Fertility and Fibroids (1)

Fertility and Fibroids (1)

It is never easy to decide to have surgery.  For women whose fibroids are interfering with their dream of having a child, it can often be the best option.  Women considering an expensive and invasive in vitro fertilization procedure have gotten pregnant with no medications after having fibroids removed.

As you can see in the picture above, the fibroid is interfering with the uterine cavity.  The embryo can only attach to normal uterine wall lining and a good percent of this woman's lining is taken up with a fibroid.  Even if the embryo can implant on this tissue, it will not be able to get enough of a blood supply out of the fibroid to grow.

Fibroids can grow up inside the uterine lining.  These fibroids are best diagnosed with the test above, a sonohysterogram which is an ultrasound with fluid inserted into the utrus through a tiny catheter.   I am fortunate to have a wonderful sonographer and excellent ultrasound equipment, so I am able to offer this test in my office to my patients.Some physicians send their patients to a hospital facility, which is much more expensive.  (Not to mention that radiologists are often not as experienced with the speculum as those of us who insert them gently all day every day.)  The main discomfort of a sonohysterogram is cramping so it is a good idea to take whatever you take for menstrual cramps before the appointment.
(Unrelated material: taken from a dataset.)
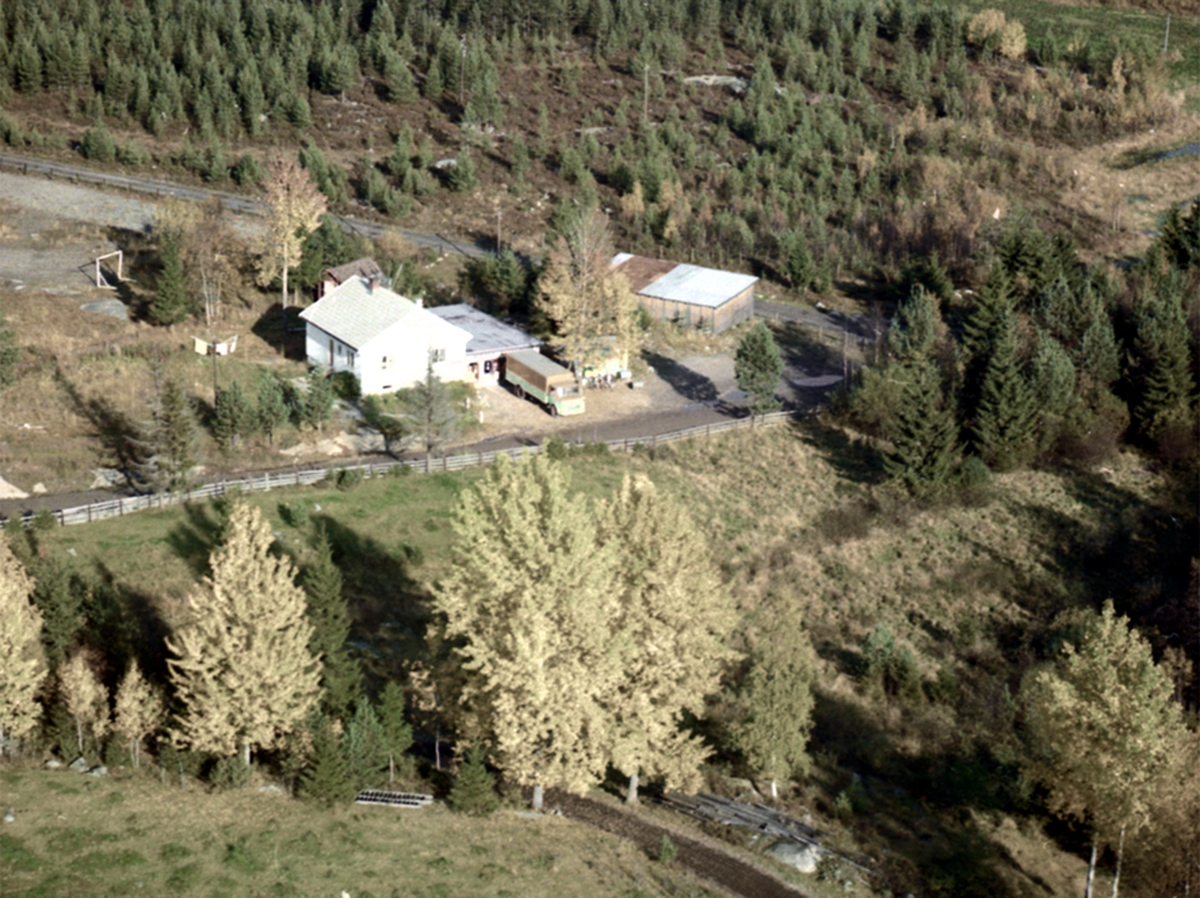 Widerøes Flyveselskap A/S, FLYFOTO KNAUSEN, ÅSVANG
Once finding fibroids and ascertaining that they are more likely or not the culprit, the next step is deciding on the best type of surgery.
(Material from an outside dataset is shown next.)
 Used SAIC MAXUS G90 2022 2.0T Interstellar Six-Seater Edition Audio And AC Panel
This picture is from a different patient and shows what fibroids look like when you are looking directly at them with a camera.  These fibroids are contained within the uterine lining and I took them out with an amazing instrument called a myosure that goes through the speculum "from below" without any incisions.


I make sure to numb the uterus while my patients are asleep and many report only mild cramping and some have told me that they have no pain.  Of course, everyone is different and I make sure that everyone is prepared for significant discomfort.

The fibroid in the sonohysterogram may or may not be entirely accessible from below.  I would make sure that woman understood that we might need to also look from above, robotically to get to the fibroid.  Before surgery, she would tell me that she could afford the extra time off from work for a more involved surgery at that time.  That fibroid has good borders, so there is a great chance that  could get to everything come below, but I always like patients to know what I am anticipating.